Work task: Output exactly the lines that run from the start of the records to the line with "Детский комплект стол", counting both ends, and skip the pictures.

Source records
***
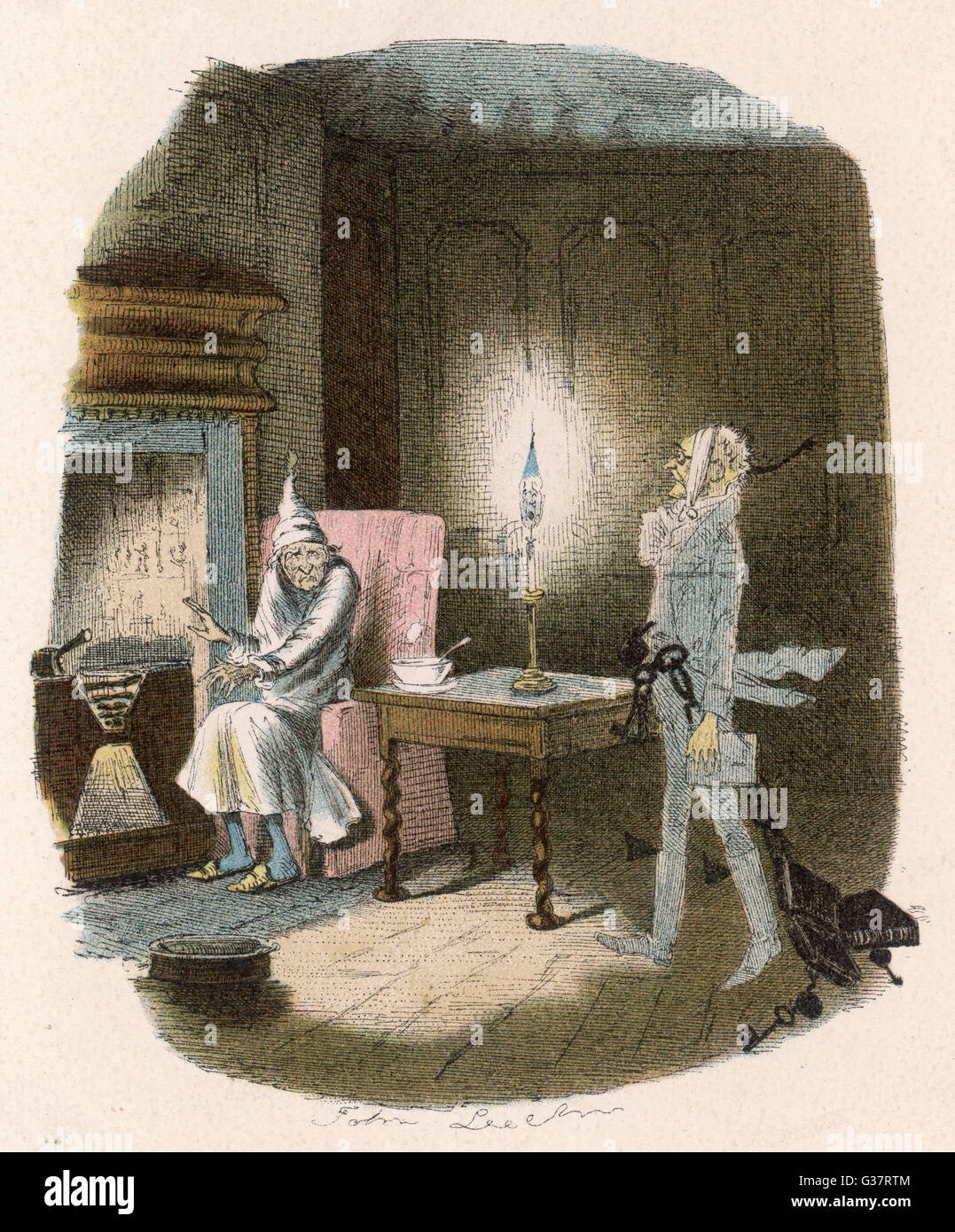 Scrooge reçoit la visite du fantôme de Jacob Marley, son ancien partenaire d'affaires. Date : Première publication : 1843-44 Banque D'Images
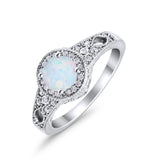 Solitaire Halo Wedding Ring Round Simulated Cubic Zirconia 925 Sterling Silver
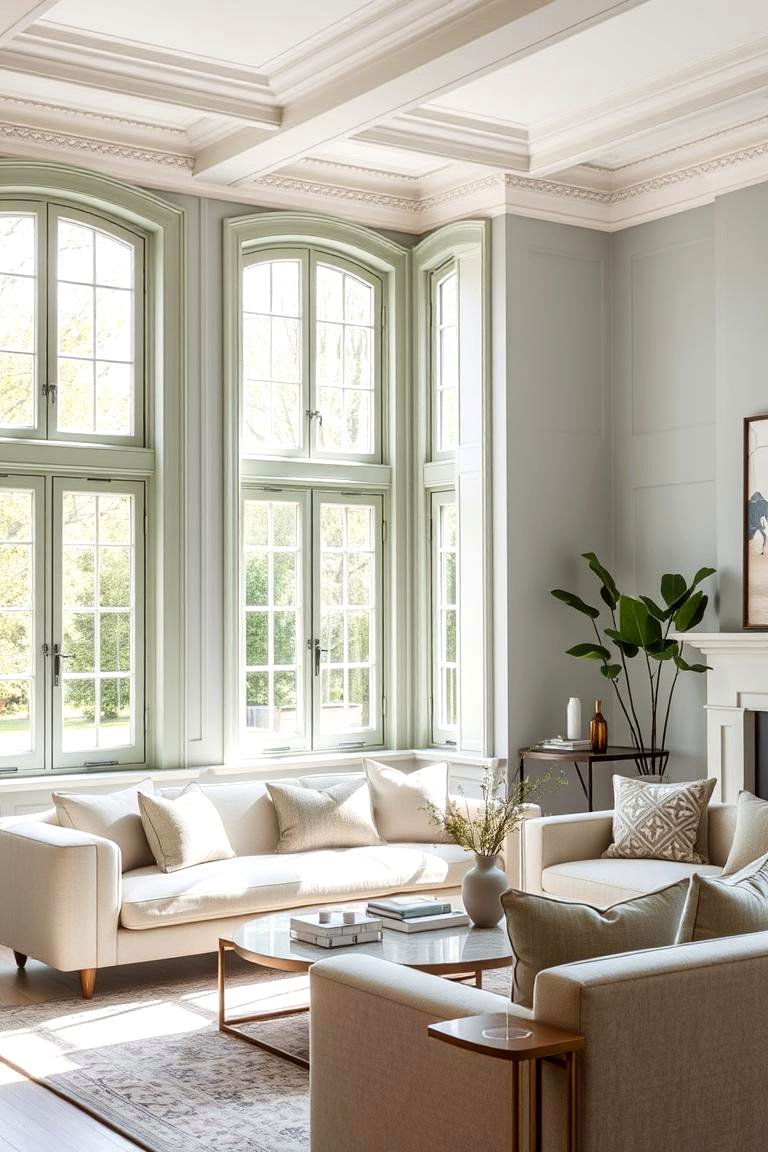 Highlight Architectural Details with Sage Green Paint - 24 Grey and Sage Green Living Room Ideas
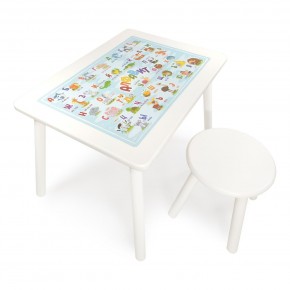 Детский комплект стол и табурет круглый Rolti Baby с накладкой Алфавит (белая столешница/белое сиденье/белые ножки) в Лабытнанги - labytnangi.ok-mebel.com | фото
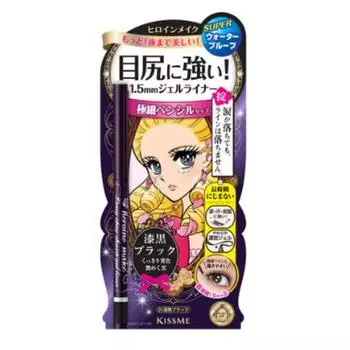 Kiss Me Гелевая подводка для глаз Heroine Make Long Stay Sharp Gel Eyeliner 0,07 г, насыщенный черный цвет, 1 шт.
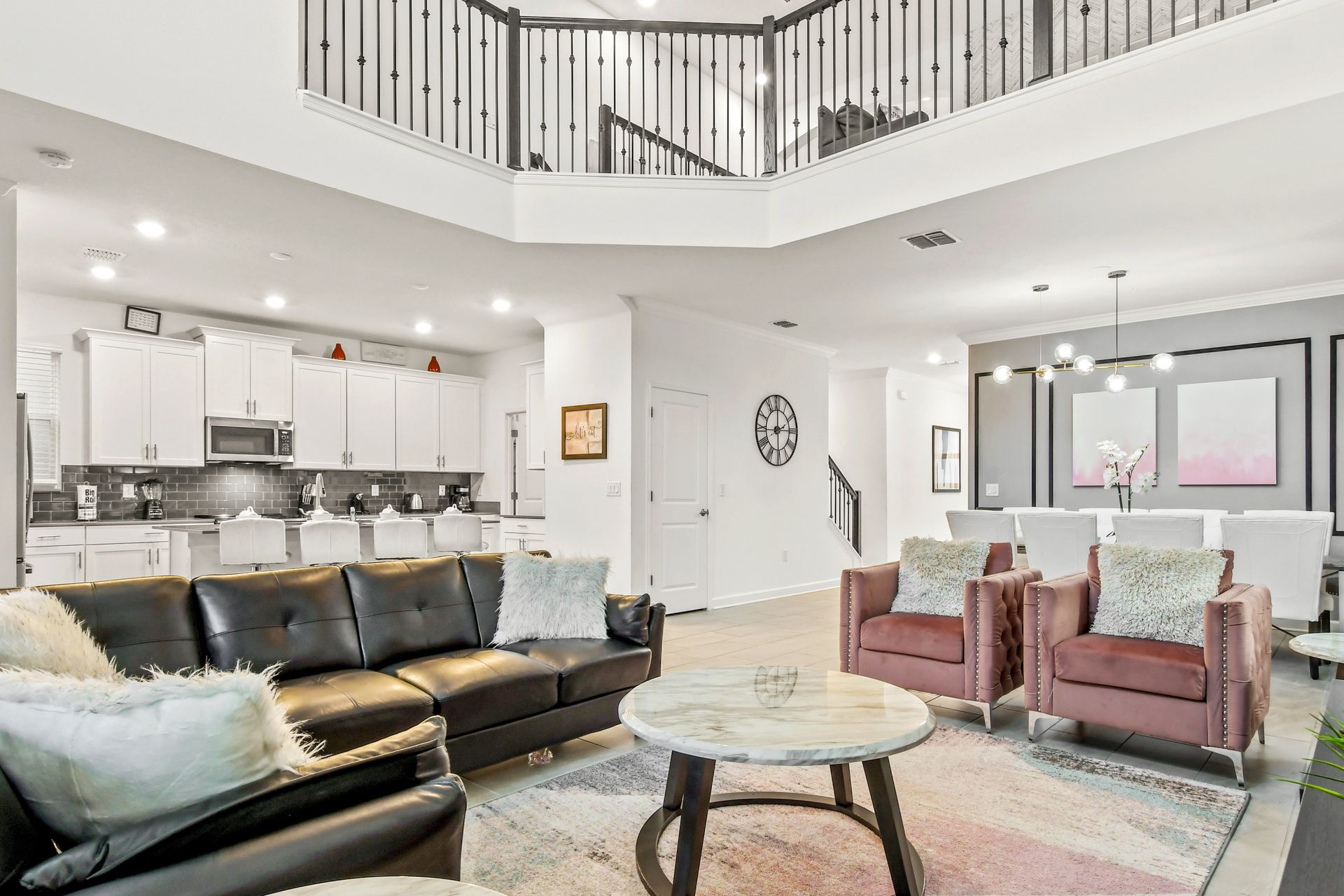 Spacious living room area with cozy sofa, perfect for family reunion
***
Expected answer:
 Scrooge reçoit la visite du fantôme de Jacob Marley, son ancien partenaire d'affaires. Date : Première publication : 1843-44 Banque D'Images
 Solitaire Halo Wedding Ring Round Simulated Cubic Zirconia 925 Sterling Silver
 Highlight Architectural Details with Sage Green Paint - 24 Grey and Sage Green Living Room Ideas
 Детский комплект стол и табурет круглый Rolti Baby с накладкой Алфавит (белая столешница/белое сиденье/белые ножки) в Лабытнанги - labytnangi.ok-mebel.com | фото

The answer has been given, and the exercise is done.